テレワーク中でもオフィスで働く時と同様、IT環境のセキュリティ対策は不可欠です。内閣サイバーセキュリティセンター(NISC)はこのほど公開した文書で、「新しい生活様式」に向けたセキュリティ対策の指針を紹介しています。
具体的には(1)テレワーカーの増加や対象業務の拡大があった場合はセキュリティリスクを再評価すること、(2)支給端末・支給外端末に関わらず、利用端末のOSや関連アプリケーションをアップデートすること、(3)社員がインターネット回線や公衆通信回線経由で社内システムに接続している場合は対策を見直すこと――などです。
この文書はとても参考になりますが、テレワーク時の要注意ポイントに触れていないように思います。それは「家庭用ルーター」のセキュリティです。
「テレワーク時には、VPNを用いてエンドツーエンドで暗号化しているから安心と考えがちです。しかし、そもそもルーターが不正アクセスを受けてしまうと、通信先を改ざんされたり、場合によっては通信自体できなくなって業務が止まってしまう恐れがあります」と、IoTに特化したセキュリティサービスを提供するゼロゼロワンの萩原雄一CEOは警鐘を鳴らします。
セキュリティの役割の一つは、企業が業務をつつがなく継続できるようにすることです。
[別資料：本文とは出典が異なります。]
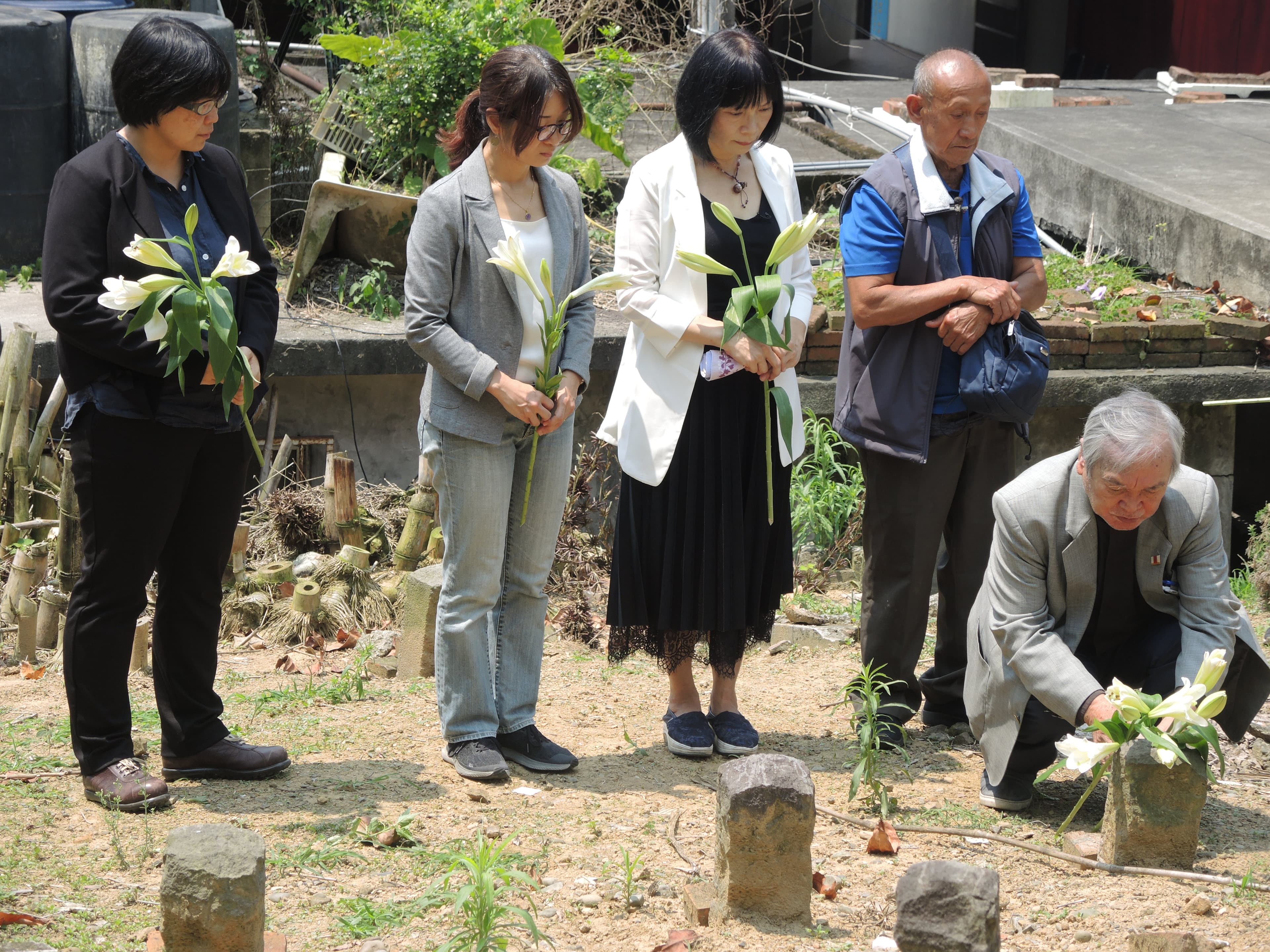 促轉會主委楊翠（左3）、彭仁郁委員（左2）、副主委葉虹靈（左1）、牧師伍錐（右1），陪同布農族原住民伍金山（右2）到六張犁政治受難者的亂葬崗，挖掘父親伍保忠的遺骨。（促轉會提供）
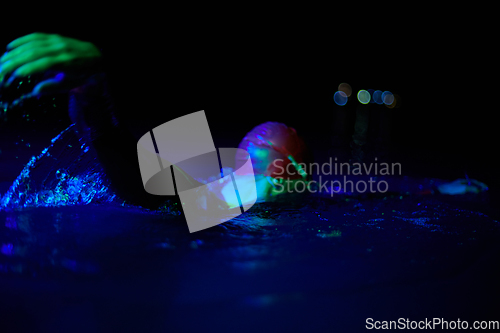 Image of Authentic triathlete swimmer having a break during hard training on night neon gel light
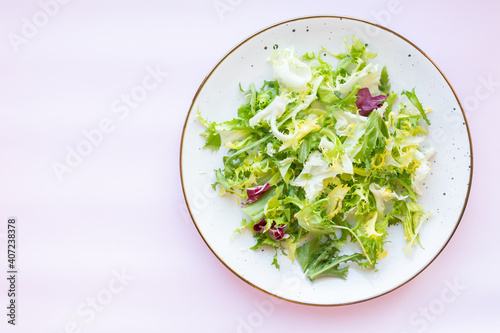 White ceramic plate with fresh salad on light pink background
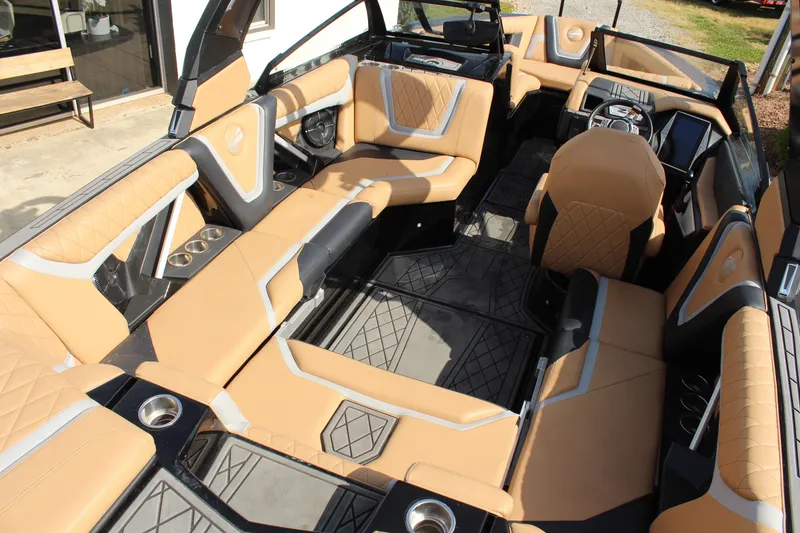 Slide: The Image of Luxurious interior of 2022 Tigé 23ZX boat with tan upholstery and modern design. - 9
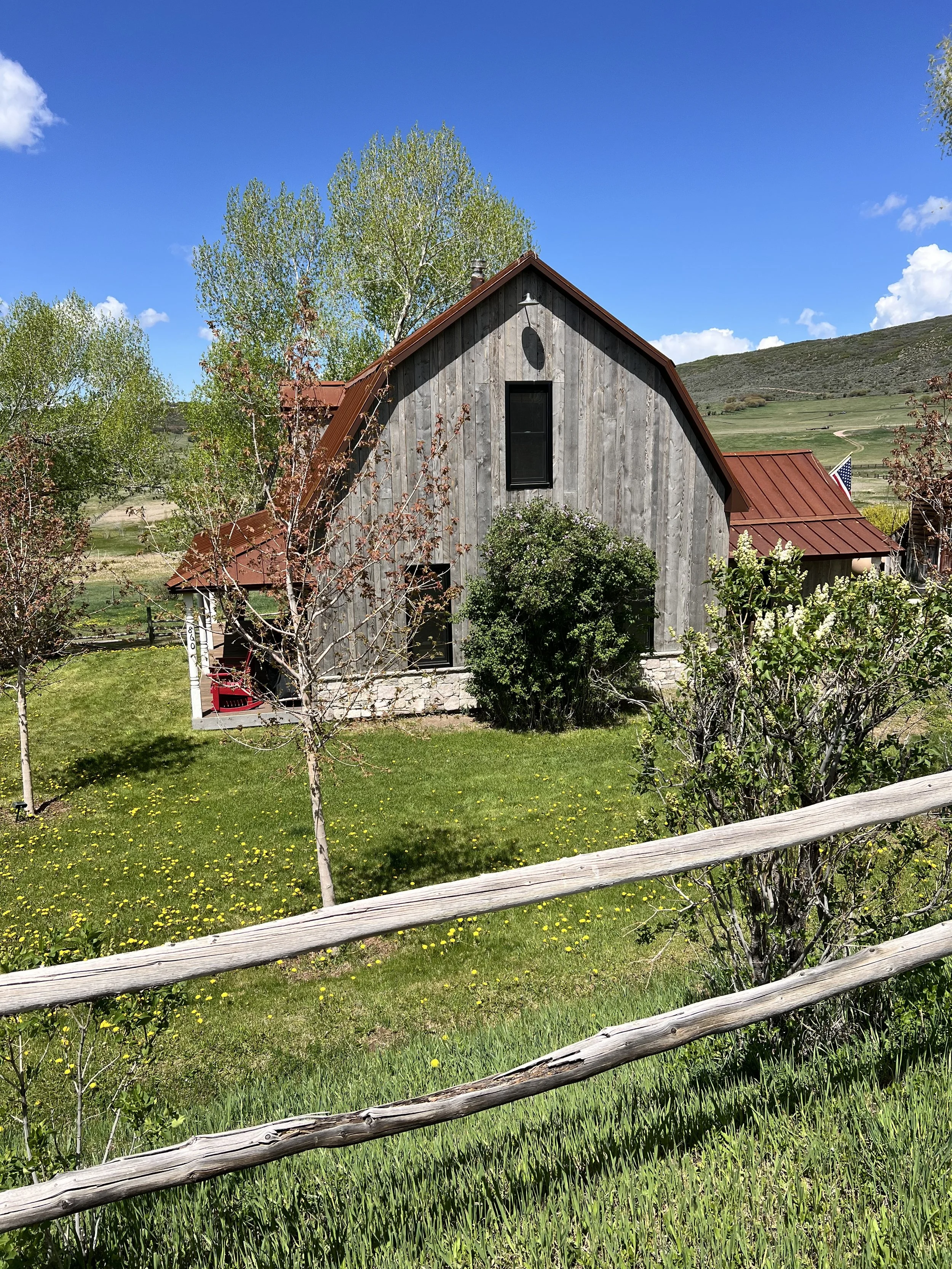 A rustic barn with weathered wood siding and a red metal roof surrounded by trees and a green lawn, with a clear blue sky overhead.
しかし、テレワークの広がりに伴って、事業継続性が家庭用ルーターのセキュリティに左右される状況になっています。
新型コロナの影響で勤務先が急きょテレワークの導入を決めたため、家電量販店や中古ショップ、通販サイトなどで販売されている安価なルーターを急いで購入したという人は多いでしょう。テレワーク環境整備を支援するため社員に補助金を支給する企業も出てきたほどです。
問題は、このとき、きちんとサポート期間内にあり、アップデートを適用して最新の状態を保ったルーターが使われているかどうかです。
「ルーターのサポート体制はメーカーによってまちまち。きちんとファームウェアをバージョンアップし続けている企業もあれば、そうでないところもあります。安価だからとオークションサイトなどで調達したルーターを業務に使うのは危ないです」(萩原さん)
萩原さんがこう述べるのには根拠があります。ゼロゼロワンが開発しているIoT機器の情報を可視化する検索エンジン「Karma」で調査してみると、脆弱(ぜいじゃく)な状態でインターネットにつながっていたり、あるいはせっかくファームウェアをリリースしてもそれが適用されていなかったりと、メーカーが想定しない状況で運用されている機器が想像以上に多いことが分かってきたそうです。